Riesling's twin peaks are its intense perfume and its piercing crisp acidity which it manages to retain even at high ripeness levels.

In Germany, Riesling constitutes around 20% of total plantings, yet it is responsible for all its greatest wines. It is planted widely on well-drained, south-facing slate-rich slopes, with the greatest wines coming from the best slopes in the best villages. It produces delicate, racy, nervy and stylish wines that cover a wide spectrum of flavours from steely and bone dry with beautifully scented fruits of apples,apricots, and sometimes peaches, through to the exotically sweet flavours of the great sweet wines.

It is also an important variety in Alsace where it produces slightly earthier, weightier and fuller wines than in Germany.
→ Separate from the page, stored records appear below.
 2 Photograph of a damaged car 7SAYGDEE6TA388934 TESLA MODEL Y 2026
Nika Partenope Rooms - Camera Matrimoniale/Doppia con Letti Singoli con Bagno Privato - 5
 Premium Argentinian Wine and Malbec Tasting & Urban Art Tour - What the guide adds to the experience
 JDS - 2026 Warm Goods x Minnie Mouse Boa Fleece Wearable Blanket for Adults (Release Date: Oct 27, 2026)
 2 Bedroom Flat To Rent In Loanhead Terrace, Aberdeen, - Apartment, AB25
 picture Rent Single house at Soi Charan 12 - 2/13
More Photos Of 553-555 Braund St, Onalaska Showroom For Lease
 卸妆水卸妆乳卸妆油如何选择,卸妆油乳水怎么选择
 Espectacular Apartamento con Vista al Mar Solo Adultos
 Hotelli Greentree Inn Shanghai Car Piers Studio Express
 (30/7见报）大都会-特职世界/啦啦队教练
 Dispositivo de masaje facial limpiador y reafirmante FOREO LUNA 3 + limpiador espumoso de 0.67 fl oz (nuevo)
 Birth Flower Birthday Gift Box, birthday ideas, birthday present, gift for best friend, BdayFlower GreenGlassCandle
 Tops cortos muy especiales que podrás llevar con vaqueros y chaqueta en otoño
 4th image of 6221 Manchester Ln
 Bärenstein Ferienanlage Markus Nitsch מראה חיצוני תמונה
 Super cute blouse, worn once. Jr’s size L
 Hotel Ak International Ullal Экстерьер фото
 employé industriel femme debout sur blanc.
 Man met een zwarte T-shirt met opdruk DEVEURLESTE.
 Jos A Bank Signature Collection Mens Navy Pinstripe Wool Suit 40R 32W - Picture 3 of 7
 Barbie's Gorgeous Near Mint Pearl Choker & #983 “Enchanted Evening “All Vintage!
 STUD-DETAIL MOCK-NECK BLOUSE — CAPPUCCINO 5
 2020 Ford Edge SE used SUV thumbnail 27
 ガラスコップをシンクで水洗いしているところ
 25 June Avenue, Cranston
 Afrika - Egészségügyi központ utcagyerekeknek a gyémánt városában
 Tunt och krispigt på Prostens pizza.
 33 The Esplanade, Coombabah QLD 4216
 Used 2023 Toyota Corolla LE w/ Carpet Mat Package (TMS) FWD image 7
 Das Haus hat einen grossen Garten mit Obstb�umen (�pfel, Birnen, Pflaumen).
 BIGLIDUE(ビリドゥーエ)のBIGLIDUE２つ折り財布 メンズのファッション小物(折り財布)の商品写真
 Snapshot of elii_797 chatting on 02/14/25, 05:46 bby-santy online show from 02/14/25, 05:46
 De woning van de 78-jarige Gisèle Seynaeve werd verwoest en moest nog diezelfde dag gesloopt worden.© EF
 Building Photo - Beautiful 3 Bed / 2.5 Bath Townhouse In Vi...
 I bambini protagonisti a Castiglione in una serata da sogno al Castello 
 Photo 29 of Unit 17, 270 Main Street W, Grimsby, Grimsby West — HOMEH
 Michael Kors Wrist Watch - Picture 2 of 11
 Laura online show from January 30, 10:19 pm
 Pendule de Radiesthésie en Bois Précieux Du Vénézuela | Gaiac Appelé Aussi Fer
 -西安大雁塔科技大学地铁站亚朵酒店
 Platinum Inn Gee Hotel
The dry Rieslings can be austere and steely with hints of honey while the Vendages Tardives and Sélection de Grains Nobles are some of the greatest sweet wines in the world.

It is thanks to the New World that Riesling is enjoying a marked renaissance. In Australia the grape has developed a formidable reputation, delivering lime-sherbet fireworks amid the continental climate of Clare Valley an hour's drive north of Adelaide, while Barossa's Eden Valley is cooler still, producing restrained stony lime examples from the elevated granitic landscape; Tasmania is fast becoming their third Riesling mine, combining cool temperatures with high UV levels to deliver stunning prototypes.

New Zealand shares a similar climate, with Riesling and Pinot Gris neck to neck in their bid to be the next big thing after Sauvignon Blanc; perfectly suited is the South Island's Central Otago, with its granitic soils and continental climate, and the pebbly Brightwater area near Nelson. While Australia's Rieslings tend to be full-bodied & dry, the Kiwis are more inclined to be lighter bodied, more ethereal and sometimes off-dry; Alsace plays Mosel if you like.